Высказывание, взятое в качестве эпиграфа, принадлежит Анри де Гру и начинается словами: “Bloy n’a qu’une ligne, et cette ligne est son contour”. Перевод: “Блуа состоит из одной линии, которой он очерчен” (представьте еще, что так переведены почти триста страниц! Если, не тормозя, перейти к следующей фразе (которой в таком виде во французском тексте вообще нет): “И эта линия — Абсолют”, можно уловить осколок мысли автора. Так весь переведенный текст складывается из осколков. Но в философском — тем более в поэтическом философском — тексте нет проходных фраз!

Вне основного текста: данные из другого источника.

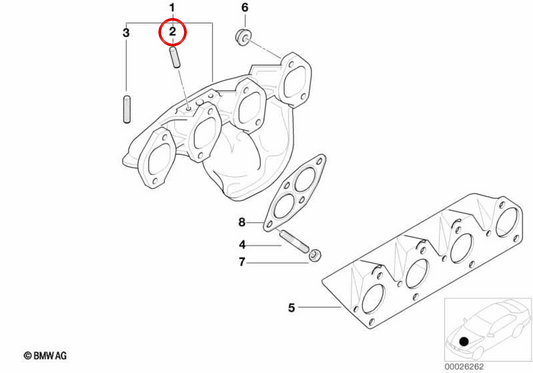Parafuso do coletor de escape OEM 11621437204 para BMW E36, E46, Z3. BMW genuíno.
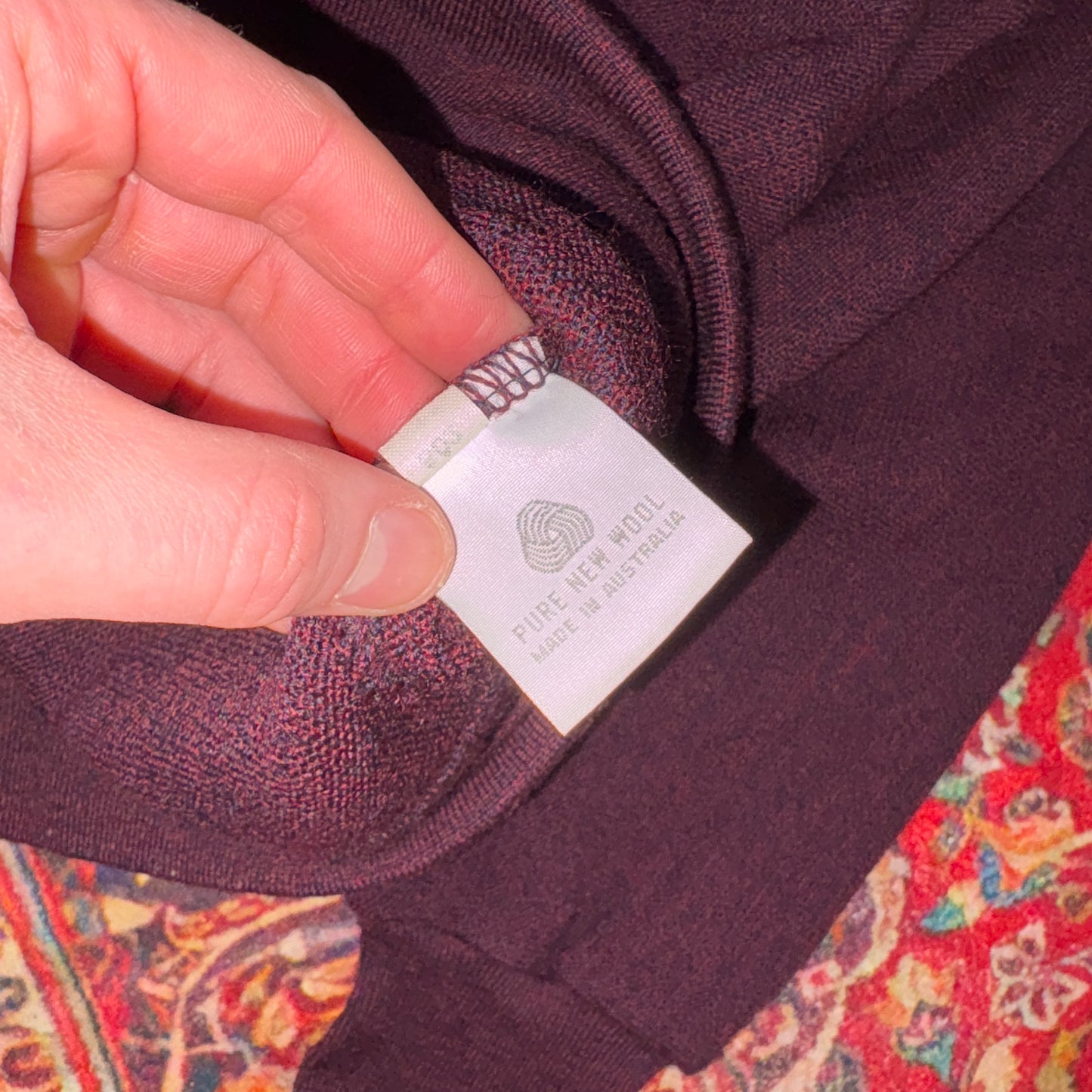 Vintage Chemise Lacoste Burgundy Wool Knit Jumper - L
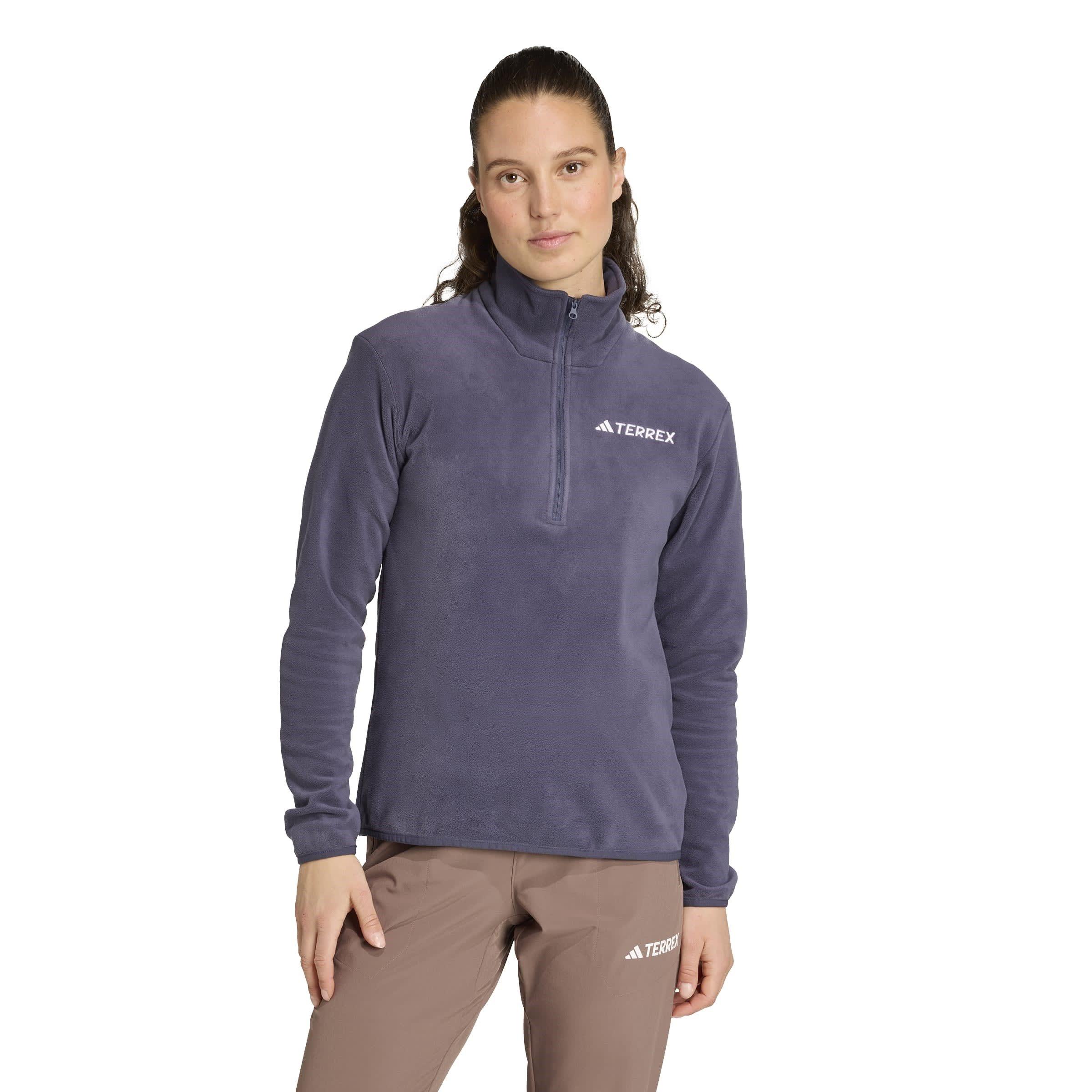 Shadow Navy - adidas - Multi Essentials half Zip Fleece Jacket Womens - 2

Ближе всего к оригиналу это начало эпиграфа, наверное, надо было бы перевести: “У Блуа есть единственная линия, и эта линия — его собственный абрис”. Это, пожалуй, тоже нуждается в пояснении. Речь идет о писателе. Все, что он пишет, он пишет как бы одной линией (настолько его творчество едино). И эта линия создает не что иное, как его собственный портрет. Обведенный одной линией. В тексте Бердяева есть слова, идеально передающие это на русский язык: “Все, что пишет Л. Блуа, — это он сам”4. Вот так они и переводили, там, на рубеже XIX и XX веков, те, кто знал французский как русский, русский — как его знали в XIX веке, то есть — живой и неповрежденный, глубокий и великолепный. А философию — как самих себя. Переводили свободно — то есть переговаривая по-русски мысль, выраженную по-французски. Нынешних переводчиков, очевидно, не устраивает “неточность перевода”. Ну что ж, они ее блестяще исправили! Увы, те, кто переводил Блуа, вовсе не одиноки в своем представлении о переводе — и это, пожалуй, самое грустное5. Пока я честно читала переведенную ими книгу, меня не покидала мысль — ну почему некоторые наши переводчики, очевидно (во всяком случае, очевидно из их перевода) засыпающие на третьей странице русского философского текста, берутся переводить французских философов? Неужели они в самом деле думают, что знания французского языка для этого достаточно?